★★★★
Buddy Helms is a pastor of Bethel Baptist Church in Big Lake, Texas, where he happily taught the popular pre-tribulation belief until a church member asked him an innocent question that drove him deep into the scriptures. He came away with a different understanding of the end times. This book provides Buddy the opportunity to teach us what he learned, through a fictional character named Jeremiah, a businessman who was called by God to give it all up and preach an unpopular message.
Says Buddy at the story’s close, “If, as we claim, we are a people of the book, it is time that we returned to it.” I agree, but in the battle between believers of pre-tribulation and post-tribulation rapture, I don’t have a stake. In my own book about Revelation, I waffle on the subject, leaning slightly Buddy’s way. Nevertheless, the theology of his book and its clarity is as important to me as the storytelling, so my rating is influenced upward by the way Buddy made me dig into the Bible.

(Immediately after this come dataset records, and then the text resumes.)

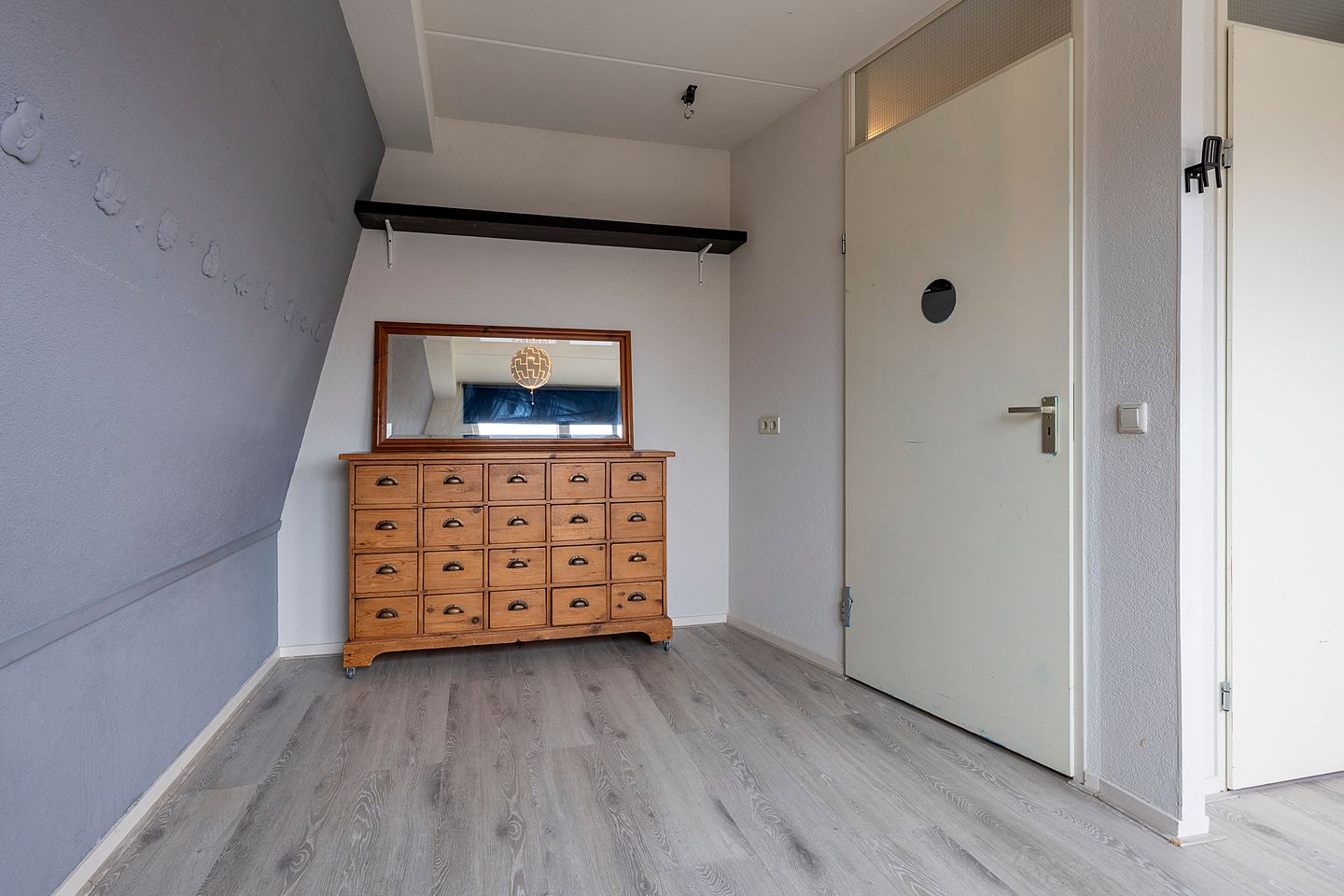 Foto 25 van Lange acker 1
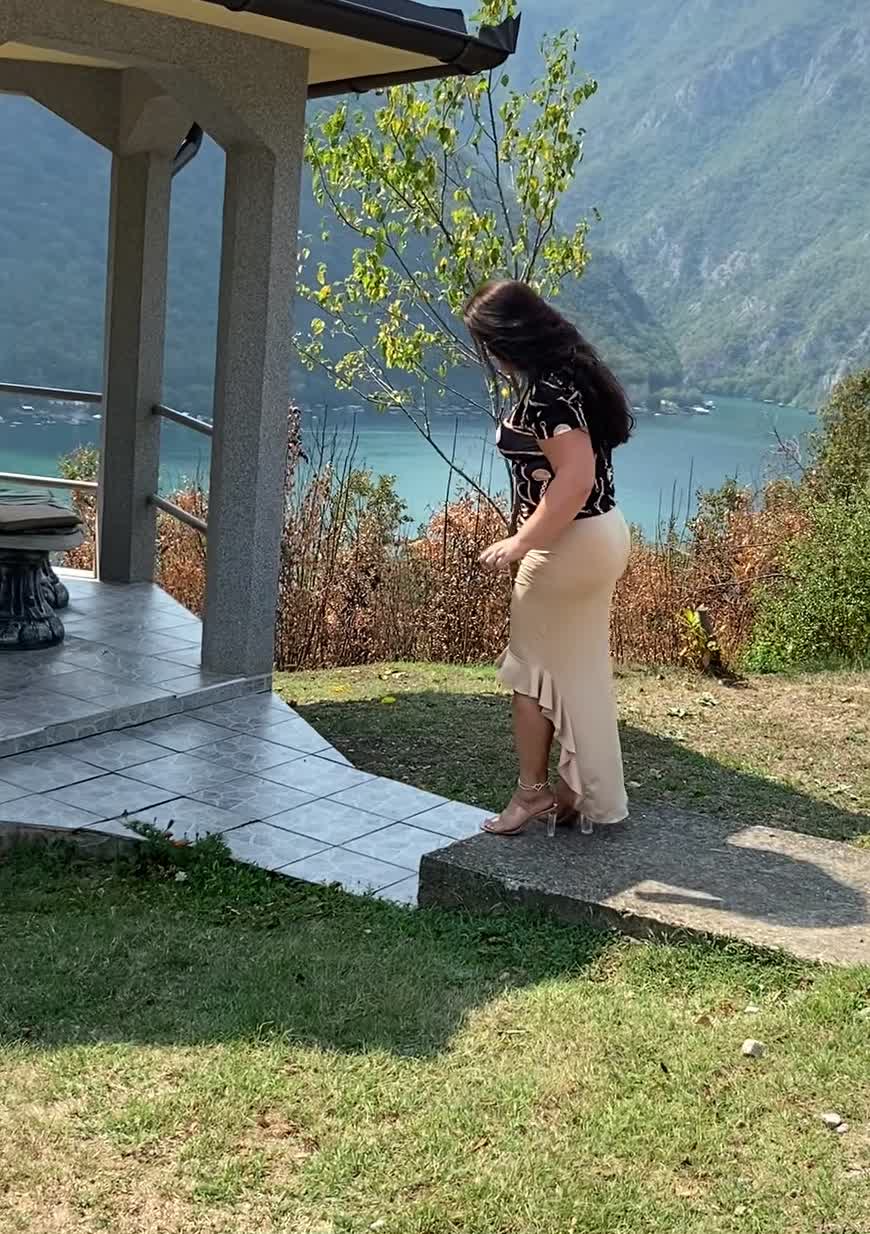 @Dzevada🇧🇦🇸🇪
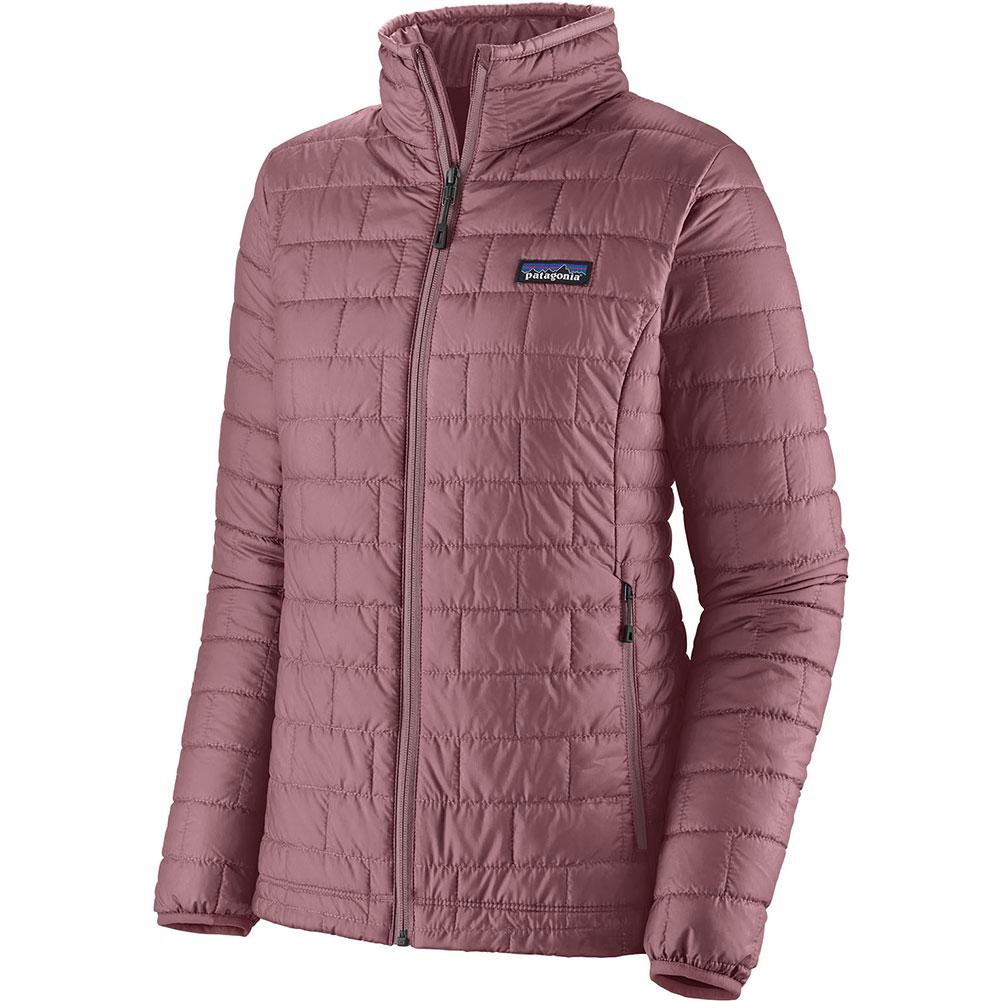 Patagonia Nano Puff Jacket Women's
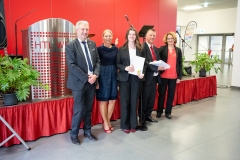 2024-06-19_Maturafeier_CH_3000-39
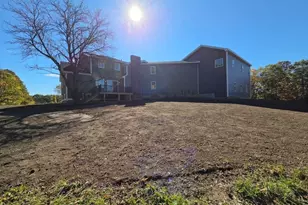 40 Brooks Pond Rd, Spencer, MA 01562 - Photo 31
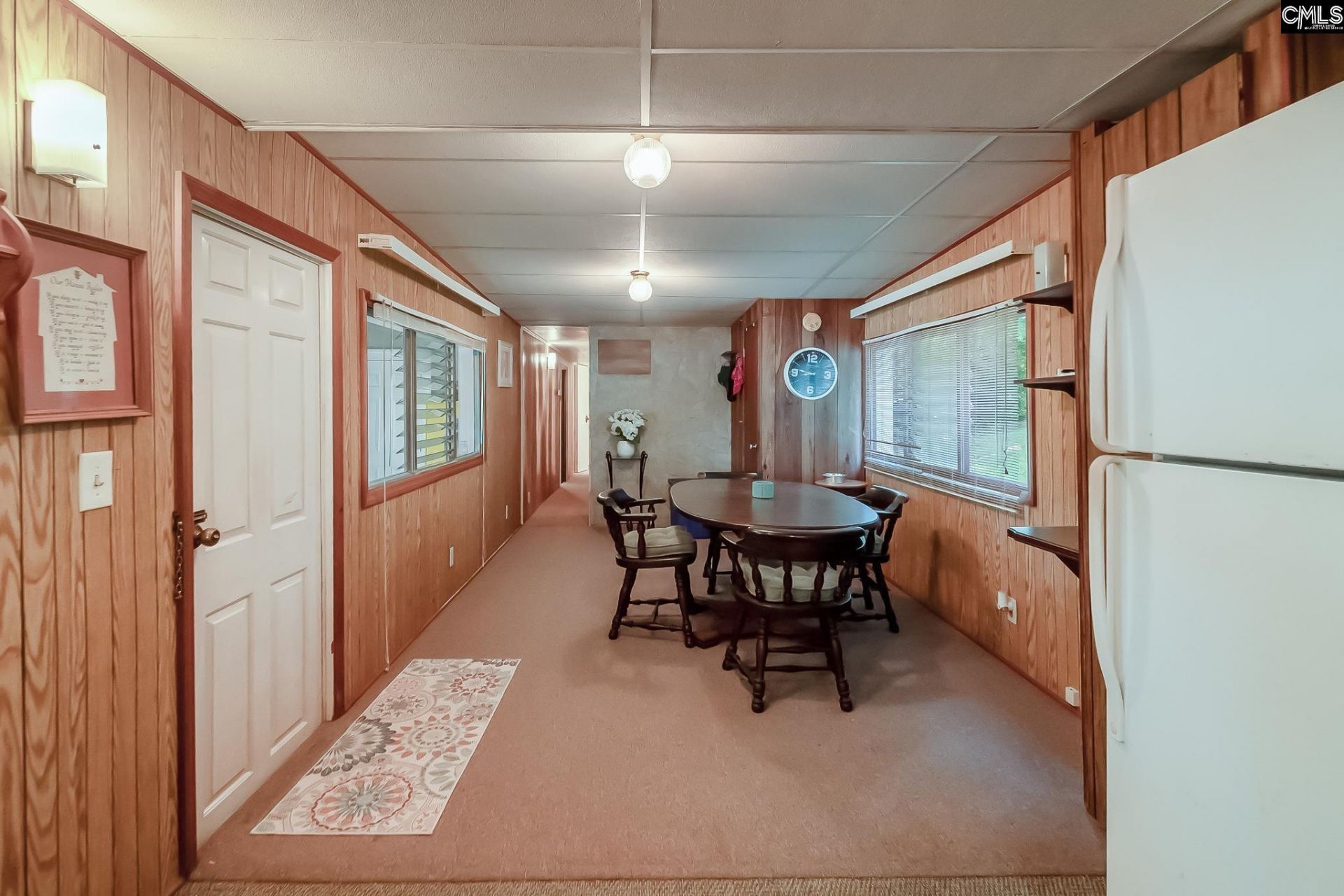2208 Singleton Creek Road  Photo 42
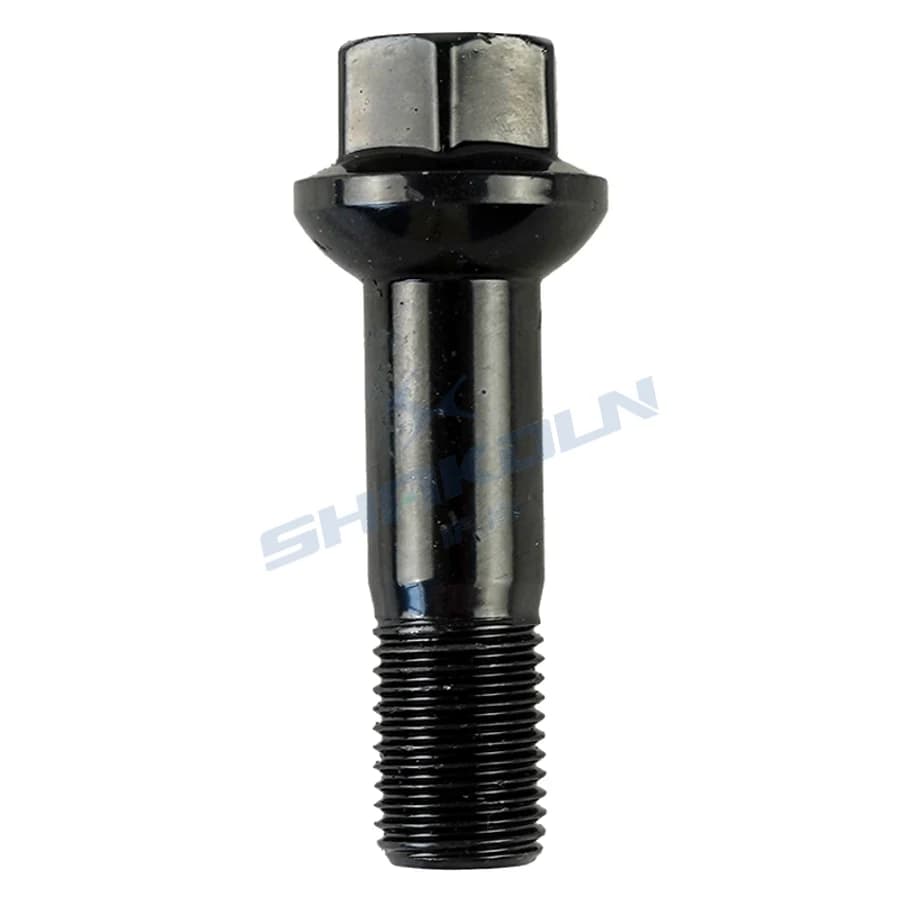Wheel Bolt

I do have a criticism: When the last days arrive in the book, it shifts into fast-forward. The story becomes condensed and pretty much just rolls through the events described in the Bible, literally and without much elaboration. Perhaps if Buddy doubled the length and developed the plot more dramatically, it could turn from a four-star into a five-star story. On the other hand, his approach is understandable; neither the rapture nor the tribulation is the focus of Buddy’s message. The chronology is. Buddy worries about the faith of complacent pre-trib believers who may someday find themselves experiencing opposition they never imagined.